We sometimes hear the rather silly question, ‘Do you like children'? No one would ask whether we like people. The only rational answer would be that we like some children and not others.
Children are at least as varied and complicated as the rest of humanity. The same is true of children's books. Writers writing for the young create fables, science fiction, road stories, comedies, utopian tales, fantasies, and pull-no-punches narratives about what young people face out in the world: danger, drugs, despair, death.
So this is not the essay on children's literature, but one essay among many.

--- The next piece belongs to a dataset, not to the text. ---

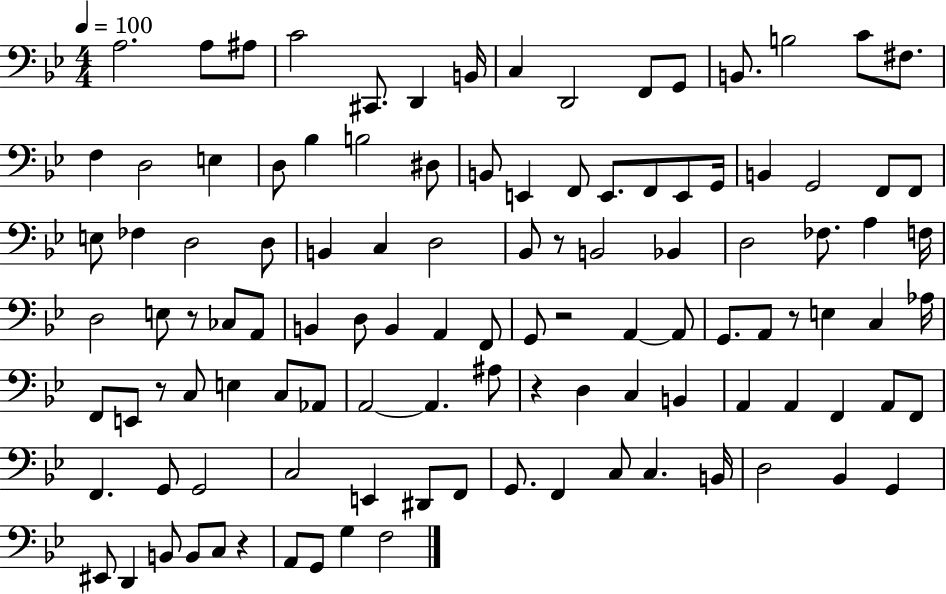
A3/h. A3/e A#3/e C4/h C#2/e. D2/q B2/s C3/q D2/h F2/e G2/e B2/e. B3/h C4/e F#3/e. F3/q D3/h E3/q D3/e Bb3/q B3/h D#3/e B2/e E2/q F2/e E2/e. F2/e E2/e G2/s B2/q G2/h F2/e F2/e E3/e FES3/q D3/h D3/e B2/q C3/q D3/h Bb2/e R/e B2/h Bb2/q D3/h FES3/e. A3/q F3/s D3/h E3/e R/e CES3/e A2/e B2/q D3/e B2/q A2/q F2/e G2/e R/h A2/q A2/e G2/e. A2/e R/e E3/q C3/q Ab3/s F2/e E2/e R/e C3/e E3/q C3/e Ab2/e A2/h A2/q. A#3/e R/q D3/q C3/q B2/q A2/q A2/q F2/q A2/e F2/e F2/q. G2/e G2/h C3/h E2/q D#2/e F2/e G2/e. F2/q C3/e C3/q. B2/s D3/h Bb2/q G2/q EIS2/e D2/q B2/e B2/e C3/e R/q A2/e G2/e G3/q F3/h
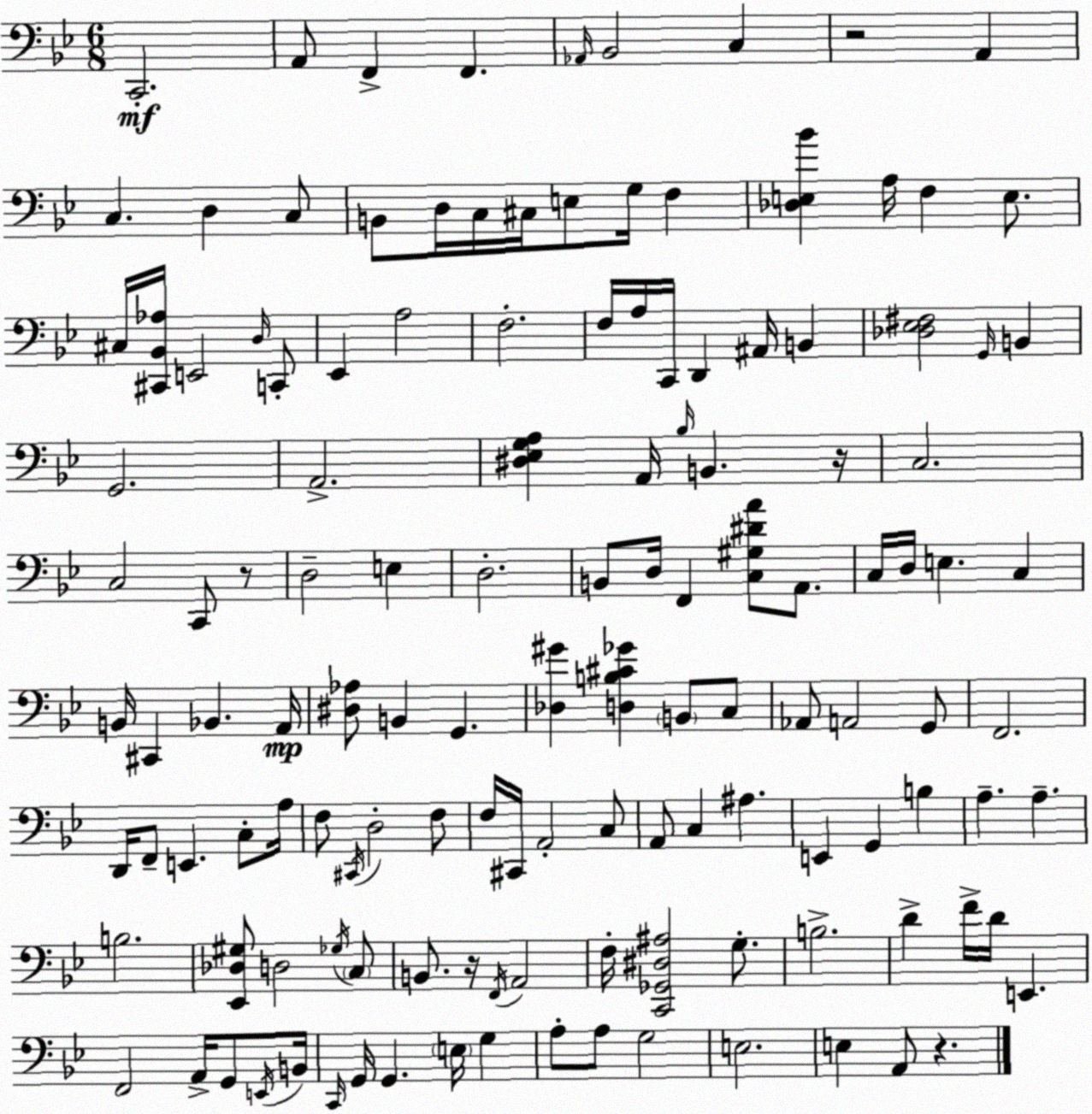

I read children's books the same way I read other books, from start to finish. I gaze at every illustration. In my teens I read the books my little sister and brother brought home. When I babysat while in college, I read Good Night, Moon while the toddler napped. Any time I give a book to a child I read it first, and not just to check that it is appropriate.
I got a subscription to the magazine Chandamama recently for a children's lending library next door, and when it came to filling in the postal address, I put in mine. Now I can peek at each issue before I rubber-stamp it and send it on to the library. It is a trip back in time. As children in a faraway land, we got Chandamama by seamail, each copy filled with stories of moneylenders and farmers, Jataka Tales, and the riddles put to King Vikramaditya. The pictures were rich — the sweetmeat sellers had rolls of flesh spilling over their dhotis and the apsaras were impossibly beautiful.
The moneylenders and shopkeepers are now gone, but the Jataka Tales are still there. Vikramaditya still solves the ghost's every riddle and the ghost still slips out of his hands every time.
Also stalled on its way to the library are one or two paperbacks out of a generous pile donated by a young book-lover in Chennai. I held on to Stuart Little for a couple of days, ostensibly to tape up some tears but actually because of the august names on its cover.
The illustrator is Garth Williams, who brought the Little House books to life. The author is E.B. White, who also wrote Charlotte's Web . White was more than a children's writer, he was a writer's apostle. He revised William Strunk Jr's The Elements of Style , which many call “the little book”. It advocated clear, brief, bold writing. White added a chapter, in which he writes, “The constant use of the adjective little (except to indicate size) is particularly debilitating.”
Stuart Little is a mouse born into a family of humans. He sails boats on the pond in Central Park, teaches a class, and drives out into the wide world in search of love.
When a master of style writes a children's story, it is not always clear, brief, and bold, but it is full of marvels. Just like The Elements of Style . Read them both.